Web page caption snippets:
#####

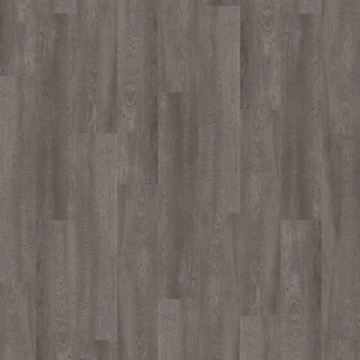 Picture of Palmetto Road - Sojourn Compass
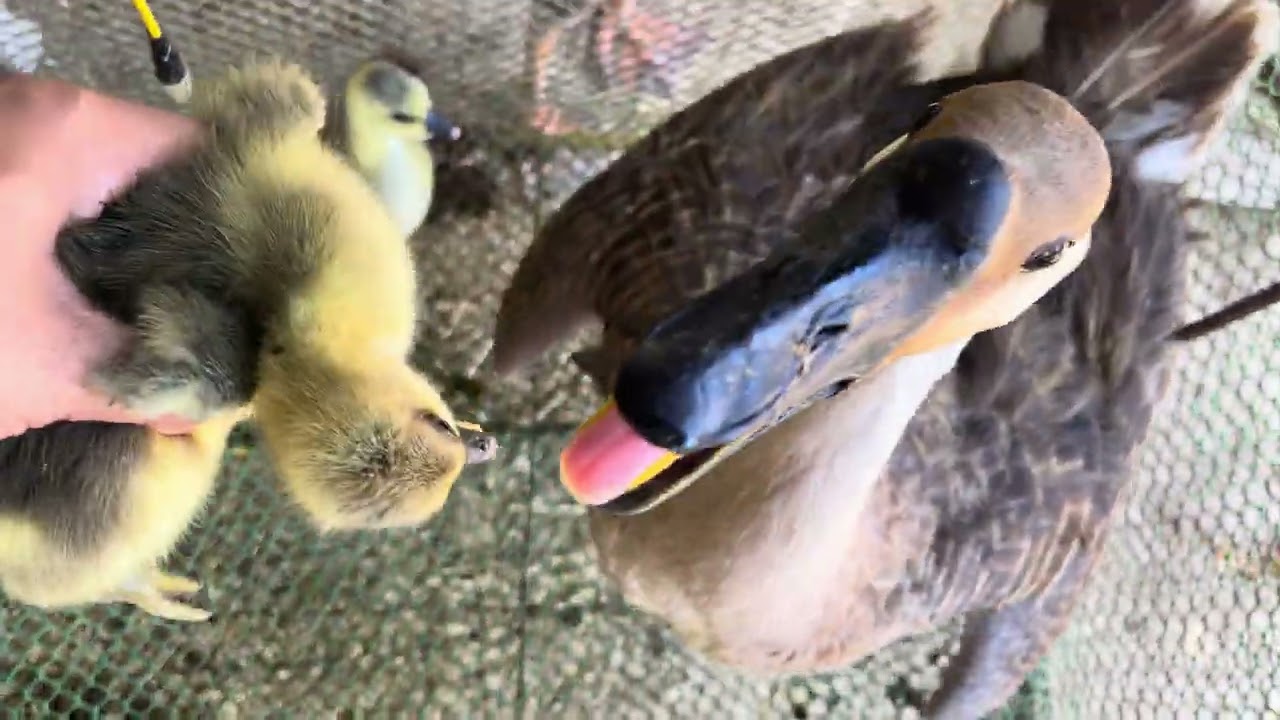 Father and Mother goose care baby just got || Goose 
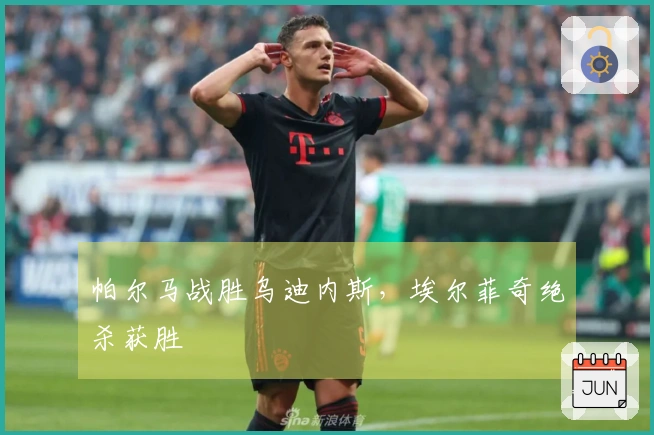 帕尔马战胜乌迪内斯，埃尔菲奇绝杀获胜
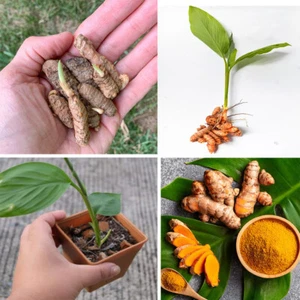 5+ frische Kurkuma-Wurzelpflanze (Kurkuma Longa) lebende Rhizome für pflanzfertig - Bild 1 von 5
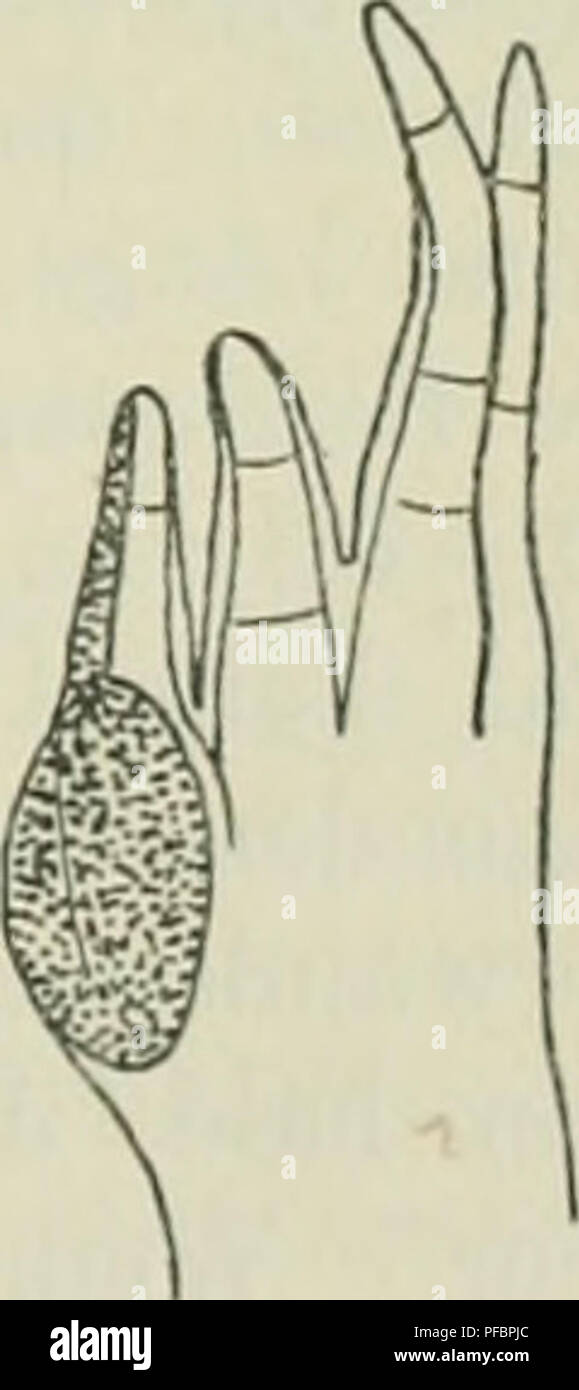This German text provides an introduction to the study of frogs ...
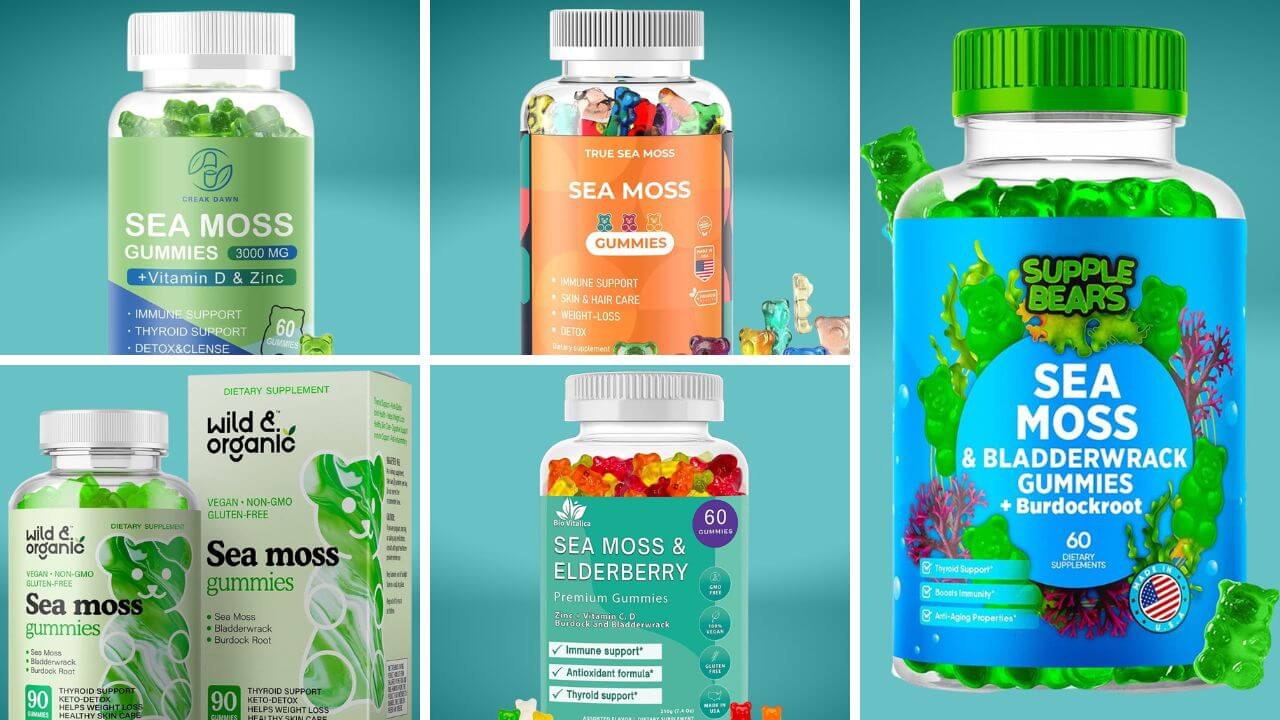 Collage of the top 5 brands for the best sea moss gummies on a teal background.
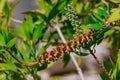 A red bottlebrush bush (Callistemon). Red flowers Royalty Free Stock Photo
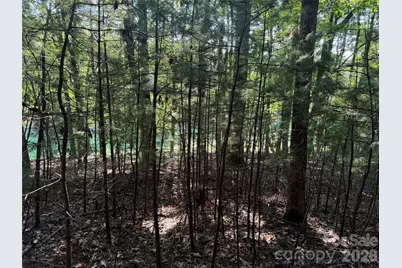 121 Bobby Jones Drive #48, Hendersonville, NC 28739 - Photo 2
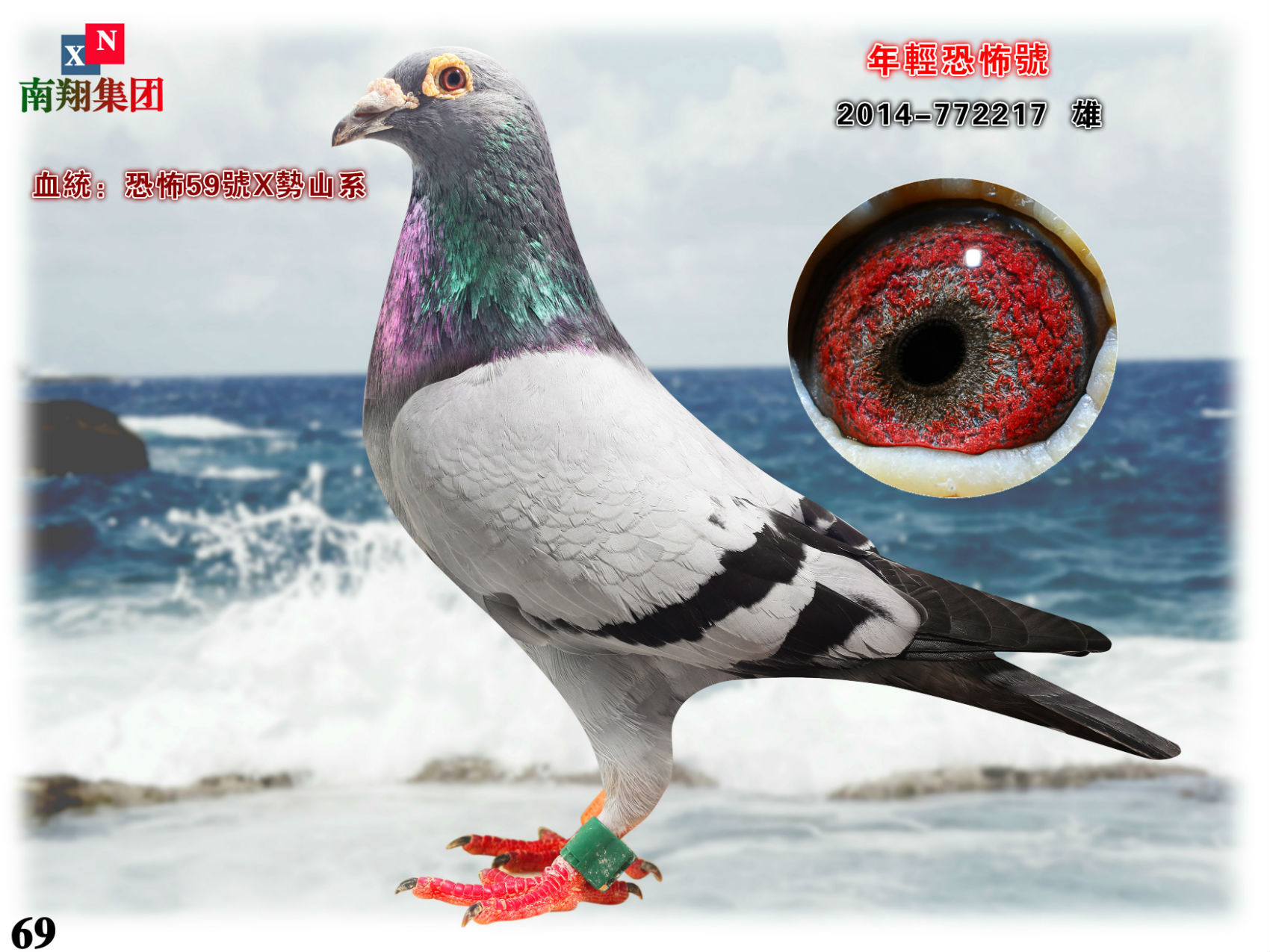 pֲ̖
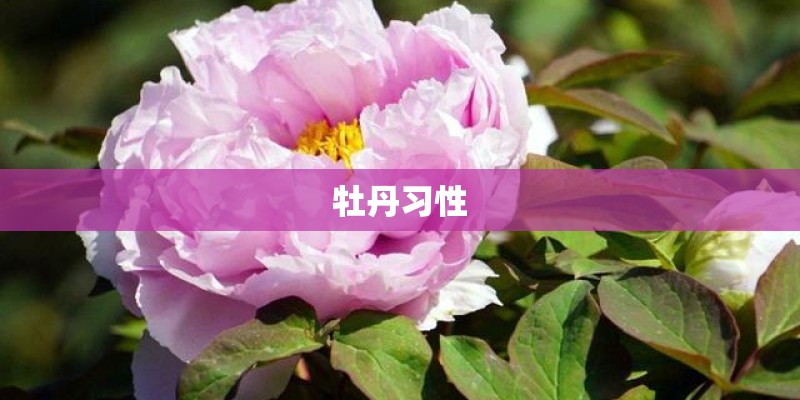 牡丹习性
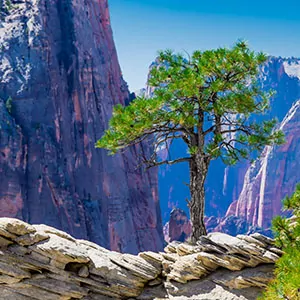 time to visit zion national park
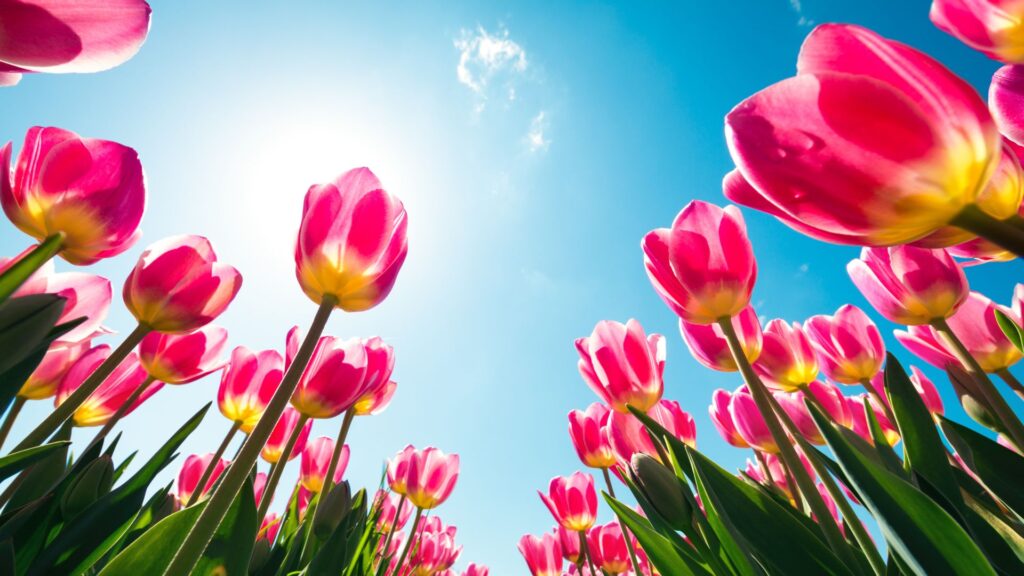 チューリップ 花言葉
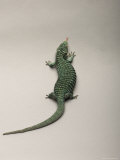 Prehansile Tailed Alligator Lizard from the Sedgwick County Zoo, Kansas Photographic Print by Joel Sartore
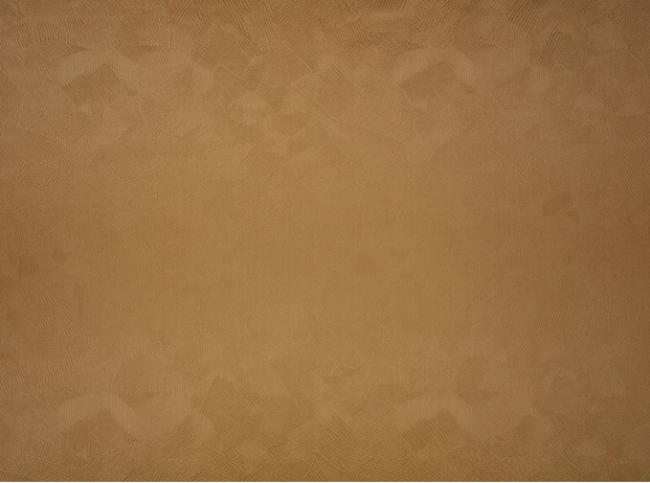 Boa Cumin Fabric by Black Edition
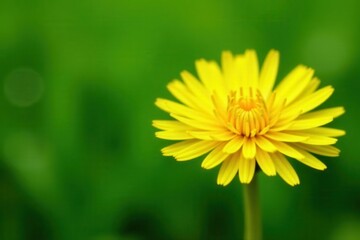 Fototapeta premium Close-up of dandelion, vibrant yellow petals against lush green , field, close-up, blossom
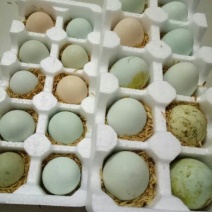 绿壳鸡蛋食用50~60g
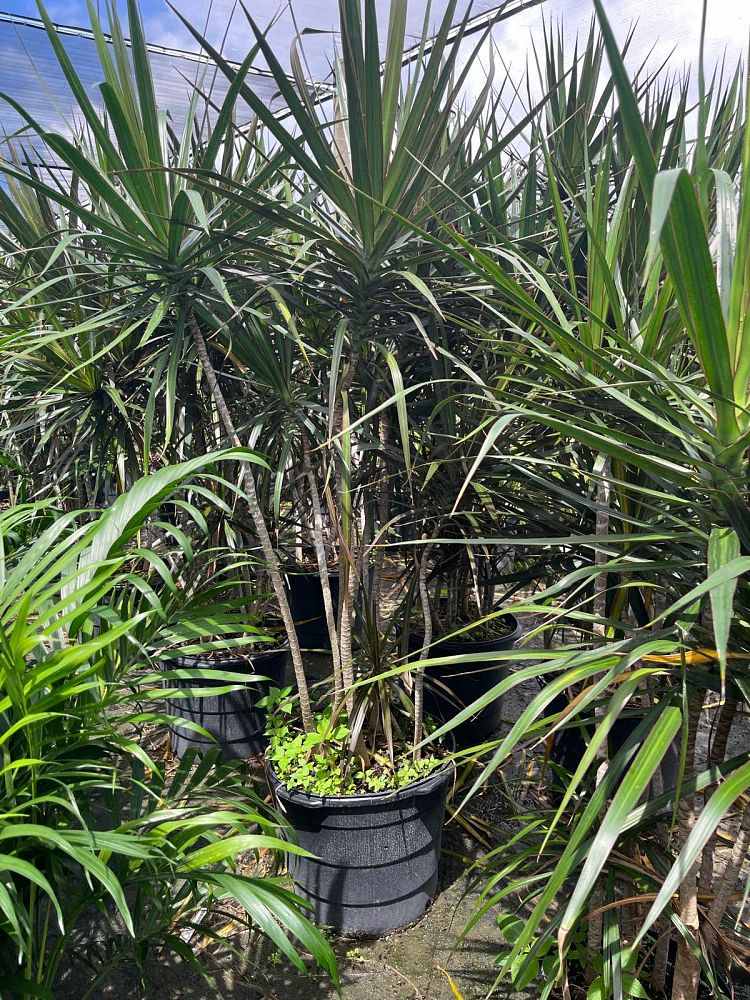 dracaena-marginata-madagascar-dragon-tree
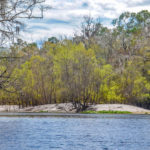 Sandbar Island - Santa Fe River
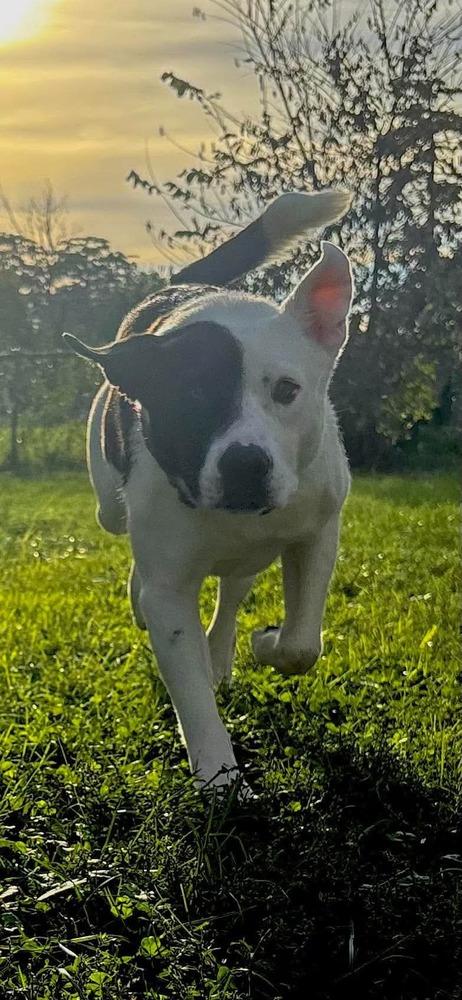 Enlarge Gina, a Adoptable mixed breed in Alden, NY image 2/5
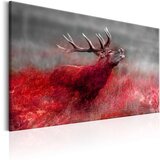  Slika - Bloody Field 120x80 Cijene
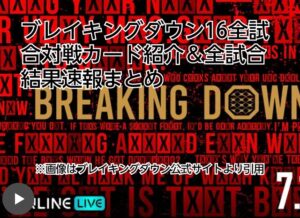 ブレイキングダウン16　全試合対戦カード　結果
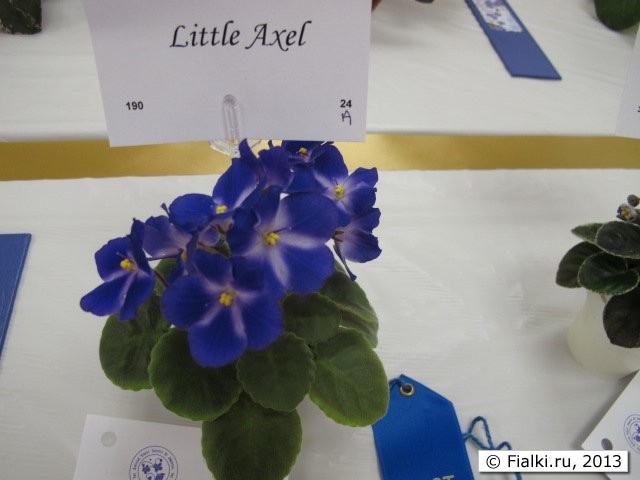 plant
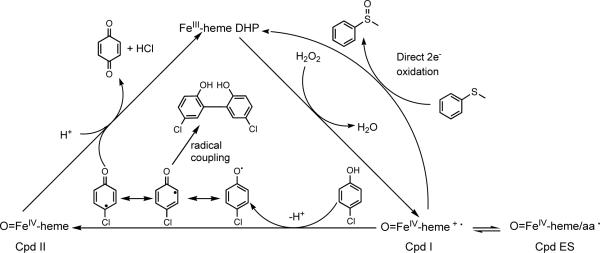 Scheme 1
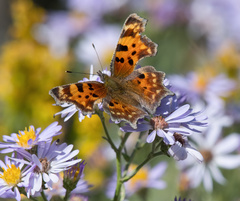 Polygonia faunus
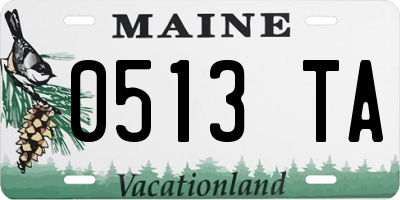 ME license plate 0513TA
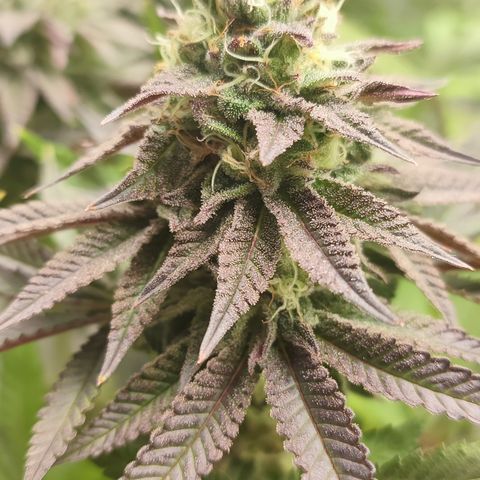Tropicanna Banana, Ice cream cake, Biscotti Minz, Runtz Layer cake  growlog timeline photo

#####

Return the entries above exactly, skipping any images.

Written reply:
 Picture of Palmetto Road - Sojourn Compass
 Father and Mother goose care baby just got || Goose 
 帕尔马战胜乌迪内斯，埃尔菲奇绝杀获胜
 5+ frische Kurkuma-Wurzelpflanze (Kurkuma Longa) lebende Rhizome für pflanzfertig - Bild 1 von 5
This German text provides an introduction to the study of frogs ...
 Collage of the top 5 brands for the best sea moss gummies on a teal background.
 A red bottlebrush bush (Callistemon). Red flowers Royalty Free Stock Photo
 121 Bobby Jones Drive #48, Hendersonville, NC 28739 - Photo 2
 pֲ̖
 牡丹习性
 time to visit zion national park
 チューリップ 花言葉
 Prehansile Tailed Alligator Lizard from the Sedgwick County Zoo, Kansas Photographic Print by Joel Sartore
 Boa Cumin Fabric by Black Edition
 Fototapeta premium Close-up of dandelion, vibrant yellow petals against lush green , field, close-up, blossom
 绿壳鸡蛋食用50~60g
 dracaena-marginata-madagascar-dragon-tree
 Sandbar Island - Santa Fe River
 Enlarge Gina, a Adoptable mixed breed in Alden, NY image 2/5
  Slika - Bloody Field 120x80 Cijene
 ブレイキングダウン16　全試合対戦カード　結果
 plant
 Scheme 1
 Polygonia faunus
 ME license plate 0513TA
Tropicanna Banana, Ice cream cake, Biscotti Minz, Runtz Layer cake  growlog timeline photo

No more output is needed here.